The closed-book variant reports answer-level metrics only (no supporting-fact or joint metrics).

AA-Omniscience

This is a benchmark developed by AA to measure hallucinations in LLMs and penalize confidently-false answers.

Eval Results:

Model Accuracy Omni-Index Hallucination Rate
Qwen3-8B (Reported) 12.73% -66 90.36%
Qwen3-8B (Measured) 15.17% -64.83 94.30%

Notes:

  • Note that this benchmark can be quite sensitive to temperature and other sampling parameters, so make sure your settings align well with downstream conditions.
  • Also note that there still may be some variance between the public set and the full dataset; however, this set may be used as a way to compare hallucination rates between different checkpoints/models.

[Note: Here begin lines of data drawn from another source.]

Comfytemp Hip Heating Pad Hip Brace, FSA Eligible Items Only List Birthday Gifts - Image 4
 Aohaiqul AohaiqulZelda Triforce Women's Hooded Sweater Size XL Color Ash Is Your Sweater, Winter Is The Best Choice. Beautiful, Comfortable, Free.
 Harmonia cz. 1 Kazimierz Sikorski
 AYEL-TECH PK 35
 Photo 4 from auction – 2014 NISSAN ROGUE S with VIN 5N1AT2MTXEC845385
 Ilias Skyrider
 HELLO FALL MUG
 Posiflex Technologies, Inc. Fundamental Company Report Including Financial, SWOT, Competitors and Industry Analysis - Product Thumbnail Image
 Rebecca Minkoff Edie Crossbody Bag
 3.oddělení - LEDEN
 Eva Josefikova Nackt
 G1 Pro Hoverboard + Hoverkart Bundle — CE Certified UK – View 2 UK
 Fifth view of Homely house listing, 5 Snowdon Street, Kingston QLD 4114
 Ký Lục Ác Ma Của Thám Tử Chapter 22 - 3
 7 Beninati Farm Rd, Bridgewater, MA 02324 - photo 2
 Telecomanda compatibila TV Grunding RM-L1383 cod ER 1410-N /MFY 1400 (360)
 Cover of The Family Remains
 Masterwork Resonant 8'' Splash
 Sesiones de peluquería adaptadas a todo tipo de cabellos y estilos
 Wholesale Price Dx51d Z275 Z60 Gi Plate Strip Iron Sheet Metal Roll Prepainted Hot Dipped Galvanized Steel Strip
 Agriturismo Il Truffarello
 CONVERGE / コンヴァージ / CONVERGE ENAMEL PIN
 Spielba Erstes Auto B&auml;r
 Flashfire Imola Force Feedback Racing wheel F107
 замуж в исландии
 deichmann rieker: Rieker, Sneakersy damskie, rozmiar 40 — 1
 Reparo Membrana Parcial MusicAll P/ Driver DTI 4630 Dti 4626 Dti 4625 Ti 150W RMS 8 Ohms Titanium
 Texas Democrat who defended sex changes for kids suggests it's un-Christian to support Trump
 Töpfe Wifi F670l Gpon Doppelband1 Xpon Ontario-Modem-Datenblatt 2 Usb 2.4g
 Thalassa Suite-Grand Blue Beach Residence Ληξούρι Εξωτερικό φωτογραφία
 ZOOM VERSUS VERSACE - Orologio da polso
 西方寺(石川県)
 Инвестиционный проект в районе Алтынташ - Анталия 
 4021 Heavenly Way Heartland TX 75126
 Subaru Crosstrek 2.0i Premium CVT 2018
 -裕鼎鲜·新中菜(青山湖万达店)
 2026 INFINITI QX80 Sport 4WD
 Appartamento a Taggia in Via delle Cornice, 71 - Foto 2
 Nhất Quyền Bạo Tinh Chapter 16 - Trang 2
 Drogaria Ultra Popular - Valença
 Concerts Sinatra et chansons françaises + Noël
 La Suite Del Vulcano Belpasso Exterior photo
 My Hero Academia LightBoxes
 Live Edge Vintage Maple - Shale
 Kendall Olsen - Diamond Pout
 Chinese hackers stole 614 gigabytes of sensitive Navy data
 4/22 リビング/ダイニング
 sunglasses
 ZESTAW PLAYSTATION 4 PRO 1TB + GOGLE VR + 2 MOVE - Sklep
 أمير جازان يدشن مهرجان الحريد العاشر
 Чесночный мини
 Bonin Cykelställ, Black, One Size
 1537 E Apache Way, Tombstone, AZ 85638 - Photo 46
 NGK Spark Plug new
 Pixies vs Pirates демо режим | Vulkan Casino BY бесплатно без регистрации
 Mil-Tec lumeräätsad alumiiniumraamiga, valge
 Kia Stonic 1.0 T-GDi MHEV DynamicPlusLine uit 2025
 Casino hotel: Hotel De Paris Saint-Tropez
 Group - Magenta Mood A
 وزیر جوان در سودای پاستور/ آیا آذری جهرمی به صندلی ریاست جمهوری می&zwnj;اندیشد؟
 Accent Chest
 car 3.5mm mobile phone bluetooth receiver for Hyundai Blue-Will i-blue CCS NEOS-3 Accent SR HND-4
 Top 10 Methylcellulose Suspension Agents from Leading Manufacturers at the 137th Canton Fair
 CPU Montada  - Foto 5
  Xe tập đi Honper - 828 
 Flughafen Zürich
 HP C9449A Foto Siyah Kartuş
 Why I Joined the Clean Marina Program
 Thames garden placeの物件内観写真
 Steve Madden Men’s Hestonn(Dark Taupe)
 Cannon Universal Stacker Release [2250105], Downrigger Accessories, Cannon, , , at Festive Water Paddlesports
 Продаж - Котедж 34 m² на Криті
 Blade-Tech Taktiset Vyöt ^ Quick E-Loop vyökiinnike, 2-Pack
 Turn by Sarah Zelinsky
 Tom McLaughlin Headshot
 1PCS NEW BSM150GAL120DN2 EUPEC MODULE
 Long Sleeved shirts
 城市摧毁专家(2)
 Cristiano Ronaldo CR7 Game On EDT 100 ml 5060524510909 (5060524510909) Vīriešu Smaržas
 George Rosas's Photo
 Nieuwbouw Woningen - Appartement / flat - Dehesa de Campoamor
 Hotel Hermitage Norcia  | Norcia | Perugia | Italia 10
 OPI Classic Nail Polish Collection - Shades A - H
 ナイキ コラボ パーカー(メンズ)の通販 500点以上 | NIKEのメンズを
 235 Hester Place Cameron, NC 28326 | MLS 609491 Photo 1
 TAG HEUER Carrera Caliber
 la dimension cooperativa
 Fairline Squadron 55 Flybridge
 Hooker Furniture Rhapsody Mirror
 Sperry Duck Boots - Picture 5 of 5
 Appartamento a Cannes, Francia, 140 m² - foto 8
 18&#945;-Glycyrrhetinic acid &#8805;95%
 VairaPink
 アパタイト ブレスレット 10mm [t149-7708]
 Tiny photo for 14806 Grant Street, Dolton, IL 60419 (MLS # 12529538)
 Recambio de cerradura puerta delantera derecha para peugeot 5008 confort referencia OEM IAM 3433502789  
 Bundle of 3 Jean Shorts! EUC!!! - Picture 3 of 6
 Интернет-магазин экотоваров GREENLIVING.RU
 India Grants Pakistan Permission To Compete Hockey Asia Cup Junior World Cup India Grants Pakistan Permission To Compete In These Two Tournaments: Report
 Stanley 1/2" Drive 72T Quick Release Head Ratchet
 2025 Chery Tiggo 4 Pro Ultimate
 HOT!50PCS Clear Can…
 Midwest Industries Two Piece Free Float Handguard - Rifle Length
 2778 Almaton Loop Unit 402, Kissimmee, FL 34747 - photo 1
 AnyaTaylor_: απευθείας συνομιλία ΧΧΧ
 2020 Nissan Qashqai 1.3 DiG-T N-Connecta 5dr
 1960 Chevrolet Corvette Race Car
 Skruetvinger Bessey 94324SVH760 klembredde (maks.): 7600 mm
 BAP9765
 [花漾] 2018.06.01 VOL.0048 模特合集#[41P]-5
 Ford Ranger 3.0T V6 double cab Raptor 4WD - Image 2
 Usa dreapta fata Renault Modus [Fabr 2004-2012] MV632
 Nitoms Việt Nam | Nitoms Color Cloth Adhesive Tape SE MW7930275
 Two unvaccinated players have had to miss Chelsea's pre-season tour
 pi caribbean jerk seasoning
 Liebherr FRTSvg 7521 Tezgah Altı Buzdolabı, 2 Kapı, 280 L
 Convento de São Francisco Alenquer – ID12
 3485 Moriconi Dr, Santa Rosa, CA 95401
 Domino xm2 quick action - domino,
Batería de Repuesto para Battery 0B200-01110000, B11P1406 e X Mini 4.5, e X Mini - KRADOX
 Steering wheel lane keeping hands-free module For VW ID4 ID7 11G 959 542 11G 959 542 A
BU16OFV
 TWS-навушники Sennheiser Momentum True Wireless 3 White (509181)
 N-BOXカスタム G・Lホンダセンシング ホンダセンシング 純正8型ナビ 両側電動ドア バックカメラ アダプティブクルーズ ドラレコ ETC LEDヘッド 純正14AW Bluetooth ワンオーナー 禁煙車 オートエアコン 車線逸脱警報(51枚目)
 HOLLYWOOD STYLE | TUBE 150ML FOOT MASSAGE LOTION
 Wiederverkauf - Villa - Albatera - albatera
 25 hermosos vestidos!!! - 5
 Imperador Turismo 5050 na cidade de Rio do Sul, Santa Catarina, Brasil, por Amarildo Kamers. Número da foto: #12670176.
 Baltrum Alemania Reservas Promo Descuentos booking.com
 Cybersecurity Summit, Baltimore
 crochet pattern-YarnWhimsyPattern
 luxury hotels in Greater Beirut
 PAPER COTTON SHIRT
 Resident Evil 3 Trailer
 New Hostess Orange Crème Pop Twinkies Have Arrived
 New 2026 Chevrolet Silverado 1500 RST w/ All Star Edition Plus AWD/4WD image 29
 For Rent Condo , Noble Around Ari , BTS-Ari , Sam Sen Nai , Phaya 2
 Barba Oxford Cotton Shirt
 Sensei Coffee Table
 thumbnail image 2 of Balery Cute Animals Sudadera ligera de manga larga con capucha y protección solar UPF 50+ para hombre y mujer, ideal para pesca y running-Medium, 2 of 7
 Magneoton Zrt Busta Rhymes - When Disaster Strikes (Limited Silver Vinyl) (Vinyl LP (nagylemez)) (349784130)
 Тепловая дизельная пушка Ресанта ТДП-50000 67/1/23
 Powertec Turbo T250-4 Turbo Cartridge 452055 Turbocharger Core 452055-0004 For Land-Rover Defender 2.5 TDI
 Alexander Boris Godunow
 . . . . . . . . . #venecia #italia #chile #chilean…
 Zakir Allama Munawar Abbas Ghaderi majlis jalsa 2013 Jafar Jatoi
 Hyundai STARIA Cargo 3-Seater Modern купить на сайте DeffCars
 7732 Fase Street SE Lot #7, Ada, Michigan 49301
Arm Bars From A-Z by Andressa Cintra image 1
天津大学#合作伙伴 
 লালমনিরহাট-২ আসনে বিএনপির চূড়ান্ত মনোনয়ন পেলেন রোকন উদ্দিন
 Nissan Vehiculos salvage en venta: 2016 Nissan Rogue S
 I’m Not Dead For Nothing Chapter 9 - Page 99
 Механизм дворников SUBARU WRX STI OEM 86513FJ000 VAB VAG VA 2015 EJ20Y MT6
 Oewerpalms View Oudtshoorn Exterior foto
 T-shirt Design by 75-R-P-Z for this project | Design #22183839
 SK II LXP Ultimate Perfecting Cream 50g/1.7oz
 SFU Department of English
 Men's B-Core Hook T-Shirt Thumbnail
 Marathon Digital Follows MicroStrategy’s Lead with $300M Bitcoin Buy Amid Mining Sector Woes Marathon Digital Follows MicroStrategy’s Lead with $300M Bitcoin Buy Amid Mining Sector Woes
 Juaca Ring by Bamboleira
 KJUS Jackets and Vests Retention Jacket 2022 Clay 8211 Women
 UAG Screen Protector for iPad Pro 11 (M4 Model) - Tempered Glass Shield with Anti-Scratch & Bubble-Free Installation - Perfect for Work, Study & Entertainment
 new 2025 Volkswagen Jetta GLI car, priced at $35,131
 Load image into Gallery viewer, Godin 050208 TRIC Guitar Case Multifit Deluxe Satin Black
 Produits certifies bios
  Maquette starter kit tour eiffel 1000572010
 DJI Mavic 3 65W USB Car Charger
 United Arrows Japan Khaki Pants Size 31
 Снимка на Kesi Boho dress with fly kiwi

Configuration: Qwen3-8B with default judge (gemini-2.5-flash-preview-09-2025)

  • Make sure to set DEFAULT_REASONING_EFFORT_HIGH_THINKING_BUDGET=24576 in your environment variables and nemo-skills config to max judge reasoning when using reasoning_effort='high'.
from nemo_skills.pipeline.cli import wrap_arguments, eval

eval(
    ctx=wrap_arguments(
        f"++inference.temperature=0.6 "
        f"++inference.top_p=1.0 "
        f"++inference.top_k=-1 "
        f"++inference.tokens_to_generate=131072 "
        f"++inference.reasoning_effort='high' "
    ),
    cluster="slurm",
    expname="aa-omniscience-eval",
    model="Qwen/Qwen3-8B",
    server_gpus=8,
    server_nodes=1,
    server_type="vllm",
    server_args="--async-scheduling",
    benchmarks="omniscience",
    output_dir="/workspace/experiments/aa-omniscience-eval",
    data_dir="/workspace/data_dir",
    extra_judge_args="++inference.reasoning_effort='high' ++inference.temperature=1.0 ++inference.top_p=0.95 ++inference.top_k=64 " # set max reasoning effort and default temp for judge
)

Configuration: Qwen3-8B with custom judge (gpt-oss-120b)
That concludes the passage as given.